* [INSTRUCTIONS FOR THE TASK]:
Return, word for word, only the lines of the data below that lie between the line with "西北大學(xué)師范學(x" and the line with "菓凯浪漫香薰蜡烛送女生好礼物", those two lines included.

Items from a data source
=== Section Start ===

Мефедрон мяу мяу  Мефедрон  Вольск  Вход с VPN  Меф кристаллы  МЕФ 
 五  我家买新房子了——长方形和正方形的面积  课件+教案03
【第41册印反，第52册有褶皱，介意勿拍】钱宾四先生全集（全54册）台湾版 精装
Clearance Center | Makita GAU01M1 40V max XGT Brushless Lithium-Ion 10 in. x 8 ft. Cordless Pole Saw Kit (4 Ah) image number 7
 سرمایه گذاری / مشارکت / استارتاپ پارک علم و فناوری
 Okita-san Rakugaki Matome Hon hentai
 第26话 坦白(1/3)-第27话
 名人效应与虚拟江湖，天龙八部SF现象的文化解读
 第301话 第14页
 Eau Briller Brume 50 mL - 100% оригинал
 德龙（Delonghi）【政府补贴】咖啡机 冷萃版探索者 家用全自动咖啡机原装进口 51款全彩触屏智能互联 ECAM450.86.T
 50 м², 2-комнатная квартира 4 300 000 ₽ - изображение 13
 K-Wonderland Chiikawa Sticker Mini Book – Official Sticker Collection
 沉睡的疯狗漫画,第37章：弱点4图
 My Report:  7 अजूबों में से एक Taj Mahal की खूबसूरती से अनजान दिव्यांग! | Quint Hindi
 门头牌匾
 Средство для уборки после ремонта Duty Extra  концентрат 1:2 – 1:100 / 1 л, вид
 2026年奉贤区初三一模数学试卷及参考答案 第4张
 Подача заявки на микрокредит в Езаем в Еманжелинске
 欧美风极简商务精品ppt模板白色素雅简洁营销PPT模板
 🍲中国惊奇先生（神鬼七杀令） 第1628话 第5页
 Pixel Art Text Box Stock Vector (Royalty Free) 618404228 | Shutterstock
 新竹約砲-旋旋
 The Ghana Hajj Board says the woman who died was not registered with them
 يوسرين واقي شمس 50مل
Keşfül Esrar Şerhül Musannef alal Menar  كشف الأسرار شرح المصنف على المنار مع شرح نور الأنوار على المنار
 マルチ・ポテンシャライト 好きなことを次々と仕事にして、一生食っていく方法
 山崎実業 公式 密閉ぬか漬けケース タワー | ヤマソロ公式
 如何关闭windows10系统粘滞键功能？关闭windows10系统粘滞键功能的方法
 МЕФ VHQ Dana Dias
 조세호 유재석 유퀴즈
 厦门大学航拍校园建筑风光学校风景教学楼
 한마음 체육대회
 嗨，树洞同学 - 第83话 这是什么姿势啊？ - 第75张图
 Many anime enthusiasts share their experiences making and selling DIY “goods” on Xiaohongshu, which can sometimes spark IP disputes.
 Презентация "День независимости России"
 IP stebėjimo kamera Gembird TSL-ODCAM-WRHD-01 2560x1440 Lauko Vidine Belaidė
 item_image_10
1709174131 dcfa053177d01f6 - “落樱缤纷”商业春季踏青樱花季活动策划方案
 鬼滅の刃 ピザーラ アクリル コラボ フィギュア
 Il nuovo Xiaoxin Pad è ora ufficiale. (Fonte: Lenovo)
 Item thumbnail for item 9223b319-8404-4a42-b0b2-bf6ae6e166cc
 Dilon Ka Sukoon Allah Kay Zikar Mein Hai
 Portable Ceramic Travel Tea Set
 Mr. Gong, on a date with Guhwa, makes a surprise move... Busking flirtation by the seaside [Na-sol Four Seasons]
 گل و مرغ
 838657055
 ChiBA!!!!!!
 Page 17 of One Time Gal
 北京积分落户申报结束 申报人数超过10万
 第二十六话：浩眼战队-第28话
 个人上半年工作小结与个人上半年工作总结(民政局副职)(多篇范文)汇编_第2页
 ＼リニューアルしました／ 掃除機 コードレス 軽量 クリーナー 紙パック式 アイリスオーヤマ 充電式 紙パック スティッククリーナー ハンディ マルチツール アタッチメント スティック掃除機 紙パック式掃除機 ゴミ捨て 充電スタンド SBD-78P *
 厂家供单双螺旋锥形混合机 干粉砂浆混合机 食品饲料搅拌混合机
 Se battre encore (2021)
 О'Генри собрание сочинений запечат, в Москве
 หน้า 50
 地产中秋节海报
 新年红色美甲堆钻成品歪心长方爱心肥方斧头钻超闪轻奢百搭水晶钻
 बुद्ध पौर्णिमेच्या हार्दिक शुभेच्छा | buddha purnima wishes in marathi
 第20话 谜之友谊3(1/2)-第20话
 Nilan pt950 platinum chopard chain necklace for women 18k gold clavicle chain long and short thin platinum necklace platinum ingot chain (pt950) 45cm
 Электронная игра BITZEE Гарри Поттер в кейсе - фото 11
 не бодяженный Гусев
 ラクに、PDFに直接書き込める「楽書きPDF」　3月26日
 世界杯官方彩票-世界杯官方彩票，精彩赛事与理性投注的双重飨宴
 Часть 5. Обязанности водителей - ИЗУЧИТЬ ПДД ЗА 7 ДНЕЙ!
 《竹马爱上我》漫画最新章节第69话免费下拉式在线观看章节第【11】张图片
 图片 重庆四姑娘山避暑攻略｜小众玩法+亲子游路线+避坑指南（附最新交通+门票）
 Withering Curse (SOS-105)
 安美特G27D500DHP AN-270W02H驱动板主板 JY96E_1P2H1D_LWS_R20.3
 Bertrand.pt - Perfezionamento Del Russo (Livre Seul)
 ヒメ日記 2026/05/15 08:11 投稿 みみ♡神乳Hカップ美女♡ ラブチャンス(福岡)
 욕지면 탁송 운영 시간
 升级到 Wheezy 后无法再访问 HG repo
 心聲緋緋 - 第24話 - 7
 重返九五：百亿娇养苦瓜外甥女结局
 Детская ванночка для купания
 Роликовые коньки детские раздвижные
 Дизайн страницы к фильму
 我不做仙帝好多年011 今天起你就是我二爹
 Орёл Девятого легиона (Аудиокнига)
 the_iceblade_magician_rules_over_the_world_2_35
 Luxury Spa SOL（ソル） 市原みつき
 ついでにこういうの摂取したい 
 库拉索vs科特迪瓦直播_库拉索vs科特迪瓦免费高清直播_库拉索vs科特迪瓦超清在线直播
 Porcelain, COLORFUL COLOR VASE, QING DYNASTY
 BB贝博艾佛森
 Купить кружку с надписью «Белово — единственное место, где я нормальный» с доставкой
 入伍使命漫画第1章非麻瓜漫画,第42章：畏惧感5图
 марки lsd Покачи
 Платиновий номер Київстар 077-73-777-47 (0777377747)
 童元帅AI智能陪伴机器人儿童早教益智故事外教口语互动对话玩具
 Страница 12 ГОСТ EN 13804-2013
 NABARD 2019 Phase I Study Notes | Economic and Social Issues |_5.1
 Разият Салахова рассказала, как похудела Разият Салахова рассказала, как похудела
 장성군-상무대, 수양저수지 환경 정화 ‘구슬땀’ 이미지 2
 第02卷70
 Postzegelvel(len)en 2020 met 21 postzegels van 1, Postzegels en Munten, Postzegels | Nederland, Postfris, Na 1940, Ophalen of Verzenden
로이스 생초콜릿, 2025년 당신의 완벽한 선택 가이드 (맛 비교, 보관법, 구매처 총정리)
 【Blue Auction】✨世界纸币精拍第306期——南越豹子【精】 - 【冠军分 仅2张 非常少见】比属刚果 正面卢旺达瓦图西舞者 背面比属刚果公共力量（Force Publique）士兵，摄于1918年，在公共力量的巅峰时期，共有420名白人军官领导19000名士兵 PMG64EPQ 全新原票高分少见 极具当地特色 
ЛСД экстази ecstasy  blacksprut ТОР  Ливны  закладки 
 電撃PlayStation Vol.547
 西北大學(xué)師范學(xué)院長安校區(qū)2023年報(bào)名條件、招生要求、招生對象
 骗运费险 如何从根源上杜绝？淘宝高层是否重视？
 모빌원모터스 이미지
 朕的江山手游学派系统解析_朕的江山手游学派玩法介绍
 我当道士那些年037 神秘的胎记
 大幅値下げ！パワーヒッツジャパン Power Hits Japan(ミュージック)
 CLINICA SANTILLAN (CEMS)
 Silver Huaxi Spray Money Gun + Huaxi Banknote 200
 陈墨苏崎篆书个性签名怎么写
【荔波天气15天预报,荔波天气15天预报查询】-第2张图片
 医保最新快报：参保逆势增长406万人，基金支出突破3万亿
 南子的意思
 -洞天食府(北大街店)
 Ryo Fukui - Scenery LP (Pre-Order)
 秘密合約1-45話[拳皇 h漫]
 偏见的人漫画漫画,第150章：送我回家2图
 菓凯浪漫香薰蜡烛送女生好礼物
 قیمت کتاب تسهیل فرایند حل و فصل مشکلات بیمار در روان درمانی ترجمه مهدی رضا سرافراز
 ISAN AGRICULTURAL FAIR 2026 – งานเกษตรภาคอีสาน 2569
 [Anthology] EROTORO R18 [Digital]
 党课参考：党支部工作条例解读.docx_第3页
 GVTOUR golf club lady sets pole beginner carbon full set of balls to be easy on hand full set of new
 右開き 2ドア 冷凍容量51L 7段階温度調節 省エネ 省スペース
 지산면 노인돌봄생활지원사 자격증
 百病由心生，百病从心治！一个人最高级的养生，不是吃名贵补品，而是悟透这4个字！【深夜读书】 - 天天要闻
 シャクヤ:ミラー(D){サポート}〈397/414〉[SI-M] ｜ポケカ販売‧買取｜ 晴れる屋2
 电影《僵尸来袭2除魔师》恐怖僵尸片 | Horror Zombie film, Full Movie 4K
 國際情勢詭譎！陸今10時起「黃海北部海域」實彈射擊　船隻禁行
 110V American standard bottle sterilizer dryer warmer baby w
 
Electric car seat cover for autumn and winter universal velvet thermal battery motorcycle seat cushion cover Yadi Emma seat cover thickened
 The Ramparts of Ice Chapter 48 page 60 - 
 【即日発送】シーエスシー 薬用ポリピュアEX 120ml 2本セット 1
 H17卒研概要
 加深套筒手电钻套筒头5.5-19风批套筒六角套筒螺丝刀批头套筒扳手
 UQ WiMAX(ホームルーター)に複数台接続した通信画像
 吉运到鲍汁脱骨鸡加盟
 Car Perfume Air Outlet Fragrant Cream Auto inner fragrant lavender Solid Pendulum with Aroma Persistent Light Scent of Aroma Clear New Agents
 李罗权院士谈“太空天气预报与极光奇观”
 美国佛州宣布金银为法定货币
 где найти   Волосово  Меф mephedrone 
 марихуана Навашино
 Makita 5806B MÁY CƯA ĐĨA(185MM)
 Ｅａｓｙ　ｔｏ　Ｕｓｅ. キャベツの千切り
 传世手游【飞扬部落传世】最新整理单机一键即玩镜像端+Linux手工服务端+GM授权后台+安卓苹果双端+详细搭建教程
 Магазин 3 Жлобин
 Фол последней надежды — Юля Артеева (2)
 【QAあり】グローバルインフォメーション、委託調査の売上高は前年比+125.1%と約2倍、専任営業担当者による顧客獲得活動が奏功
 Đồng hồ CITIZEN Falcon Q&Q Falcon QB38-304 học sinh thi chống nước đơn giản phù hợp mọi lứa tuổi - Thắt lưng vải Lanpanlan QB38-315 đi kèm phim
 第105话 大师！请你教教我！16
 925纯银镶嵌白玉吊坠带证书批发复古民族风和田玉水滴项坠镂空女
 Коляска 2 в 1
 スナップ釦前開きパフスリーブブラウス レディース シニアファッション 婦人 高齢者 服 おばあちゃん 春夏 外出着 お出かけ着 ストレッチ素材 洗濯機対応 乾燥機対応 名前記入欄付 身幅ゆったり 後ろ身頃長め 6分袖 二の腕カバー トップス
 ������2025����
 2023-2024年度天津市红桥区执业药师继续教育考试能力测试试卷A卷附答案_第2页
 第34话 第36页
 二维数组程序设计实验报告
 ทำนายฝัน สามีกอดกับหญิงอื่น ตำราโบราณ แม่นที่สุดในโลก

=== Section End ===

* [YOUR RESPONSE]:
 西北大學(xué)師范學(xué)院長安校區(qū)2023年報(bào)名條件、招生要求、招生對象
 骗运费险 如何从根源上杜绝？淘宝高层是否重视？
 모빌원모터스 이미지
 朕的江山手游学派系统解析_朕的江山手游学派玩法介绍
 我当道士那些年037 神秘的胎记
 大幅値下げ！パワーヒッツジャパン Power Hits Japan(ミュージック)
 CLINICA SANTILLAN (CEMS)
 Silver Huaxi Spray Money Gun + Huaxi Banknote 200
 陈墨苏崎篆书个性签名怎么写
【荔波天气15天预报,荔波天气15天预报查询】-第2张图片
 医保最新快报：参保逆势增长406万人，基金支出突破3万亿
 南子的意思
 -洞天食府(北大街店)
 Ryo Fukui - Scenery LP (Pre-Order)
 秘密合約1-45話[拳皇 h漫]
 偏见的人漫画漫画,第150章：送我回家2图
 菓凯浪漫香薰蜡烛送女生好礼物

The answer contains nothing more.